A participatory program in which students become part of the operation of local, county and state government, Boys State was founded in 1935 to counter the socialism-inspired Young Pioneer Camps. The program was the idea of two Illinois Legionnaires, Hayes Kennedy and Harold Card, who organized the first Boys State at the Illinois State Fairgrounds in Springfield.
At Boys State, participants learn the rights, privileges and responsibilities of franchised citizens. The training centers on the structure of city, county and state governments. Operated by students elected to various offices, Boys State activities include legislative sessions, court proceedings, law-enforcement presentations, assemblies, bands, choruses and recreational programs.
Legion posts select high school juniors to attend the Boys State Program. In most cases, individual expenses are paid by a sponsoring post, a local business or another community-based organization.

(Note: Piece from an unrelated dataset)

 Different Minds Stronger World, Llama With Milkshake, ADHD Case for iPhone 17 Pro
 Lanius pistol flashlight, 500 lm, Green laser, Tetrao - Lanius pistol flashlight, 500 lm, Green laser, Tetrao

Boys State programs currently exist in all Legion departments in the United States except Hawaii. As separate corporations, Boys State programs vary in content and method of procedure, but each adheres to the same basic concept: teaching government from the township to the state level.
District 21 2021 Boys State Delegates will be distributed as follows:
- Post 53 Hemet - 3 delegates
- Post 79 Riverside - 3 delegates
- Post 200 Lake Elsinore - 2 delegates
- Post 216 Corona - 1 delegate
- Post 289 Riverside - 2 delegates
- Post 328 Norco - 7 delegates
- Post 500 Mira Loma - 3 delegates
- Post 519 Cathedral City - 4 delegates
- Post 595 Perris - 3 delegates
- Post 739 Indio - 1 delegate
- Post 742 Corona - 4 delegates
- Post 848 San Jacinto - 8 delegates
- Post 852 Temecula - 2 delegates
The American Legion Oratorical Contest exists to develop deeper knowledge and appreciation for the U.S. Constitution among high school students. Since 1938, the program has presented participants with an academic speaking challenge that teaches important leadership qualities, the history of our nation’s laws, the ability to think and speak clearly, and an understanding of the duties, responsibilities, rights and privileges of American citizenship. The program has featured numerous politicians and prominent contestants over the years, including former presidential candidate Alan Keyes and CNN anchor Lou Dobbs.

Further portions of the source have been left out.